──────── Collected data ────────
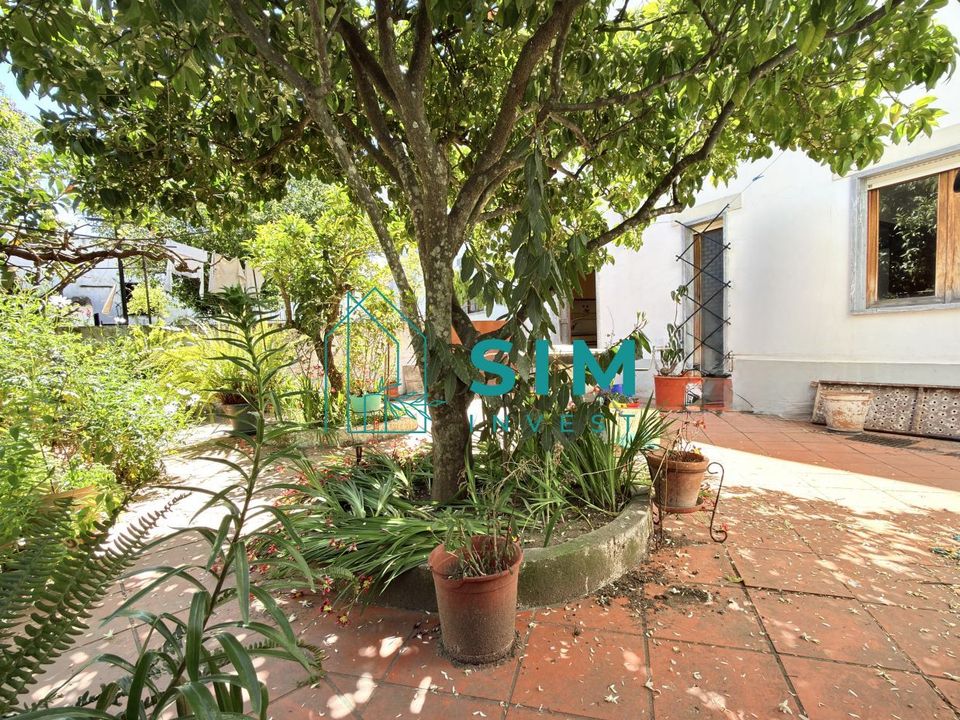 Villa i Evora, Evora - foto 1
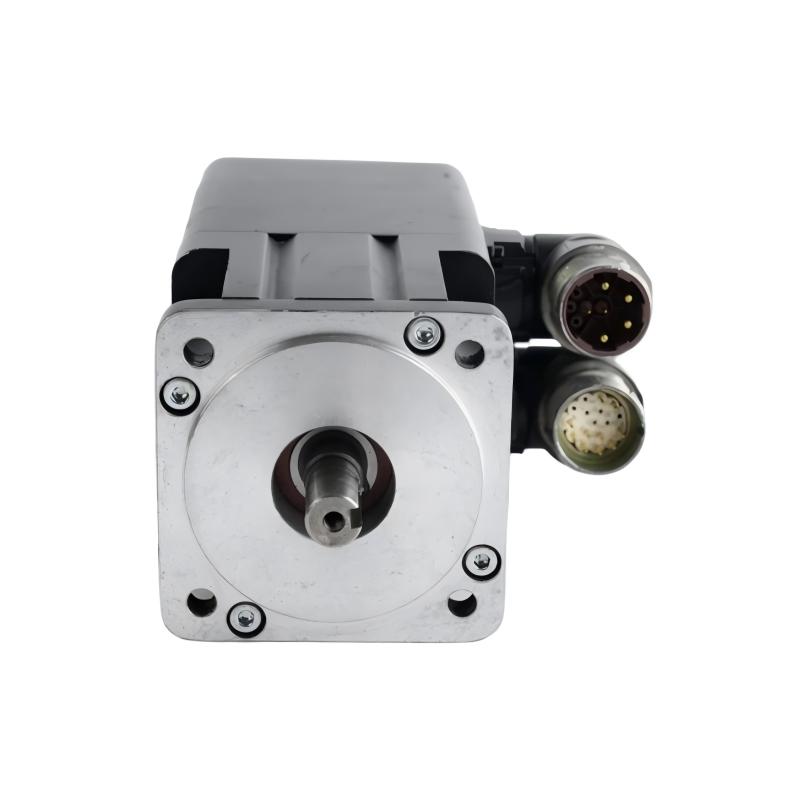 Allen Bradley MPL-A210V-VJ74AA Servo Motor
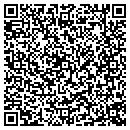 QR code with Conn's Appliances contacts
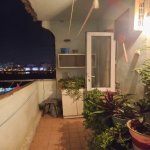 Satılır 3 otaqlı Köhnə Tikili, Koroğlu metrosu, Nizami rayonu 12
────────
Aim of the exercise -> Reproduce exactly the lines above from the one with "Allen Bradley MPL-A210V-VJ74AA Servo Motor" through the last line of the data, keeping both ends and dropping the pictures.

Completed exercise ->
 Allen Bradley MPL-A210V-VJ74AA Servo Motor
 QR code with Conn's Appliances contacts
 Satılır 3 otaqlı Köhnə Tikili, Koroğlu metrosu, Nizami rayonu 12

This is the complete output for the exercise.